There is a downside, however: Retail chains continue to struggle with exactly where this data resides and how to access it in an efficient manner. Some organizations operate siloed applications and data storage, a configuration that can be costly to support and from which extracting data can be difficult.
St. Louis-based Schnuck Markets relies on its internal data to run regular reports on merchandise forecasts and sales, as well as to analyze results from customer surveys. “These reports could take us hours, even days, to complete, due to performance issues,” says Lisa Hu, the retailer’s database administrator leader.
Rather than reconfigure operations to consolidate data and streamline data flow, it had added solutions that merely improved visibility into siloed data. This caused two issues for Schnucks.
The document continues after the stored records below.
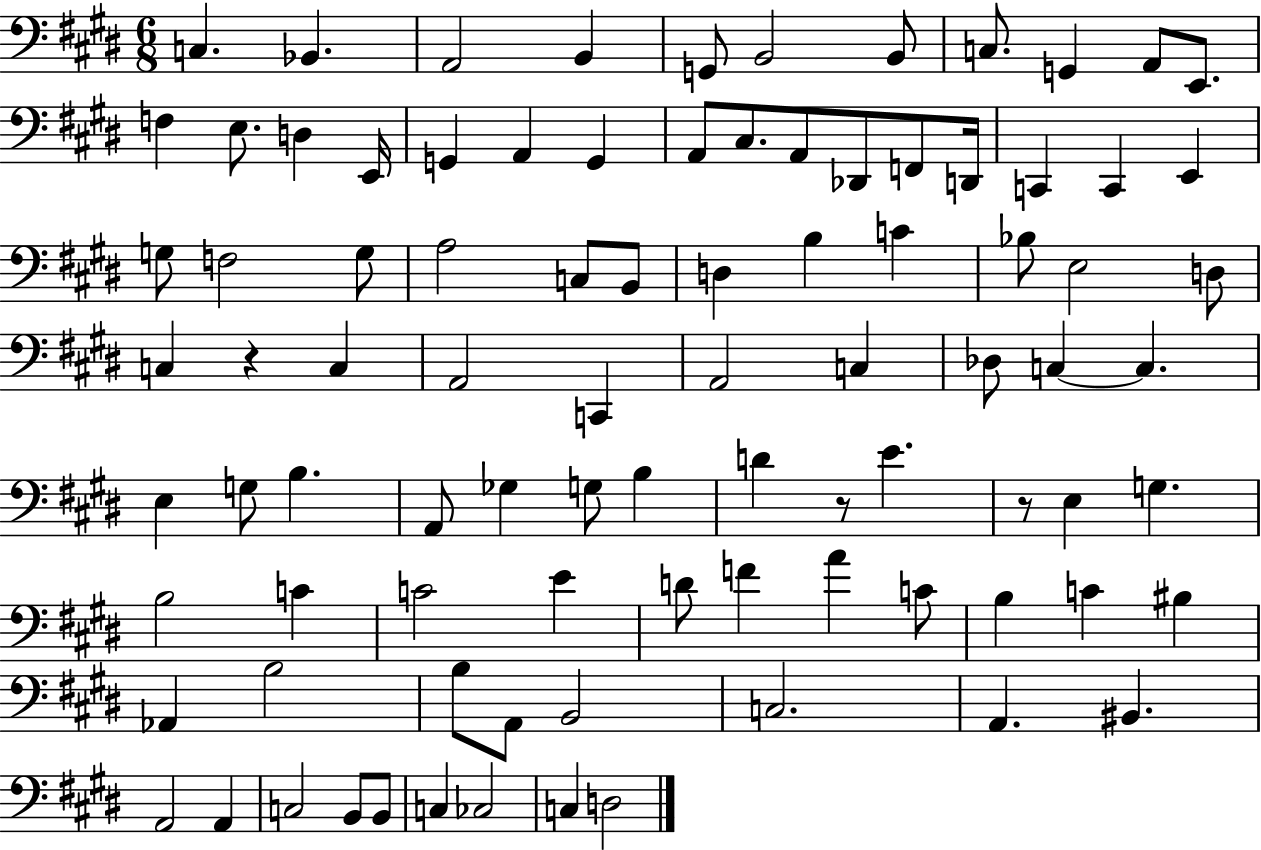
X:1
T:Untitled
M:6/8
L:1/4
K:E
C, _B,, A,,2 B,, G,,/2 B,,2 B,,/2 C,/2 G,, A,,/2 E,,/2 F, E,/2 D, E,,/4 G,, A,, G,, A,,/2 ^C,/2 A,,/2 _D,,/2 F,,/2 D,,/4 C,, C,, E,, G,/2 F,2 G,/2 A,2 C,/2 B,,/2 D, B, C _B,/2 E,2 D,/2 C, z C, A,,2 C,, A,,2 C, _D,/2 C, C, E, G,/2 B, A,,/2 _G, G,/2 B, D z/2 E z/2 E, G, B,2 C C2 E D/2 F A C/2 B, C ^B, _A,, B,2 B,/2 A,,/2 B,,2 C,2 A,, ^B,, A,,2 A,, C,2 B,,/2 B,,/2 C, _C,2 C, D,2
First, it could take as long as four hours to create reports. “We needed a way to identify performance or pinpoint when a bottleneck is occurring,” Hu says. “We had no baseline for application or database performance. We would know performance was declining, but had nothing to compare it to.” Worse, this caused the chain to be reactionary when addressing performance issues of its computing and storage systems.
Schnucks operates a UNIX box that supports multiple databases. It was outfitted with the Oracle Enterprise Manager solution, an application management system that monitors the health and performance of application processes and components, including applications, middleware and databases.
While the solution provides insight into how the company’s systems are operating, a lack of historical data made it difficult to determine the source of performance-related issues.
“It became apparent we needed to find a way to pinpoint problems and pro-actively find resolutions and fix problems,” Hu says.
Overall, what the chain needed was a database and application management solution that could improve the application development process – a foundation that would allow Schnucks to support operations, best serve shoppers and build profits. More specifically, the ideal solution had to provide insight into historical data and previous performance activities and issues.
“We didn’t want to write a lot of code to remediate solutions,” Hu says. “That would be horrible from a cost and labor standpoint. We wanted an out-of-the-box solution that could easily find indexes for poorly-written SQL (structured query language).” Schnucks chose to add a database and application performance management system from Redwood Shores, Calif.-based Precise Software.
Drills down into data
Using Precise’s Transaction Performance Management solution, the grocer is now able to stay abreast of potential technology breakdowns before they occur, as well as understand their business impact. Precise’s TPM tool drills down into data to provide visibility across all application environments and capture performance metrics from all system components.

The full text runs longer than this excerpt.